◆ **Work item**: In the records below, reproduce exactly the lines from the one containing "Жесть. Человек упал с обрыва делая прыжок" through the one containing "Pepes Ikan, Muza", both included, and omit the pictures.

◆ **Record extracts**:
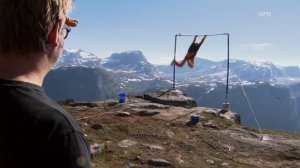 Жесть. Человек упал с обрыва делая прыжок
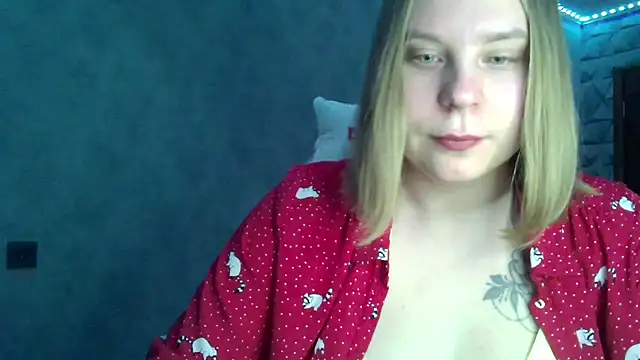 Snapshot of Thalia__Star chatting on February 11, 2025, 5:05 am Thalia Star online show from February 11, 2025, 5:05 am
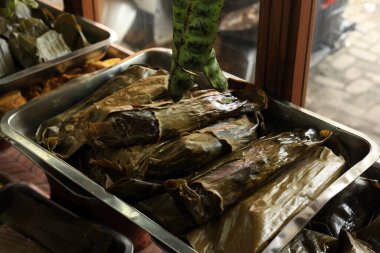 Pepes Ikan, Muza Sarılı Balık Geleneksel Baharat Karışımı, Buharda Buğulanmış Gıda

* * *

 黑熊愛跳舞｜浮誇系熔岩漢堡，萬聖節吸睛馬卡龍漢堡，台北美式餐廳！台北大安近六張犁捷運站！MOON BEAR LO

==

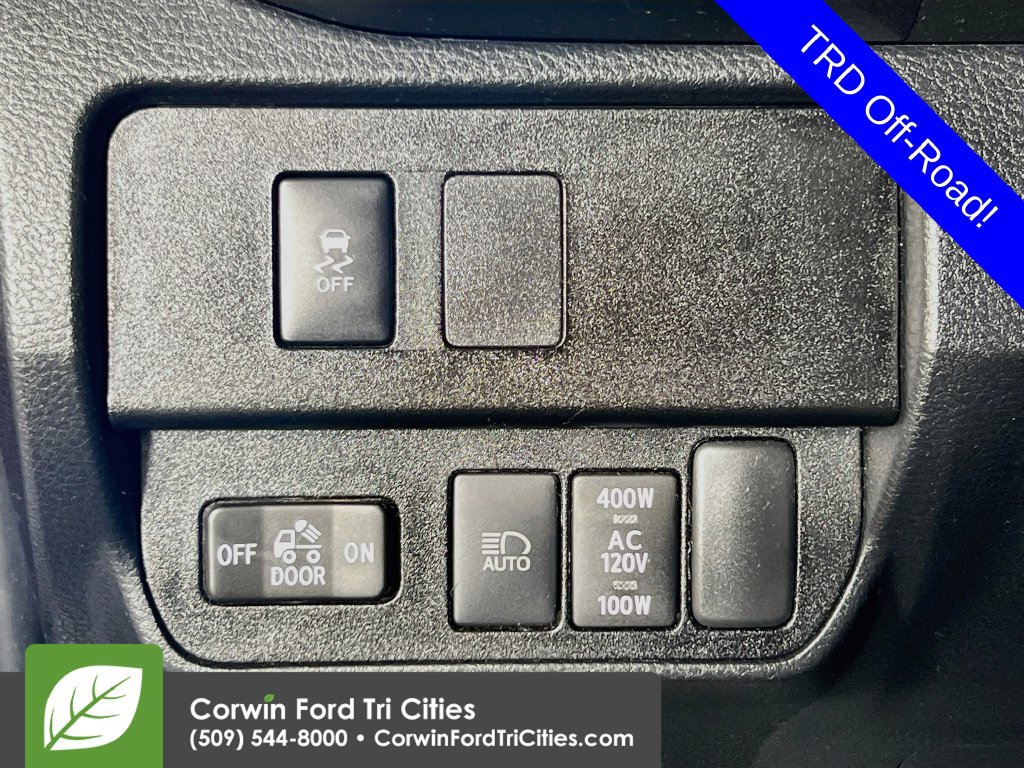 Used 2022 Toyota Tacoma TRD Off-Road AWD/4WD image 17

◆ **Expected output**:
 Жесть. Человек упал с обрыва делая прыжок
 Snapshot of Thalia__Star chatting on February 11, 2025, 5:05 am Thalia Star online show from February 11, 2025, 5:05 am
 Pepes Ikan, Muza Sarılı Balık Geleneksel Baharat Karışımı, Buharda Buğulanmış Gıda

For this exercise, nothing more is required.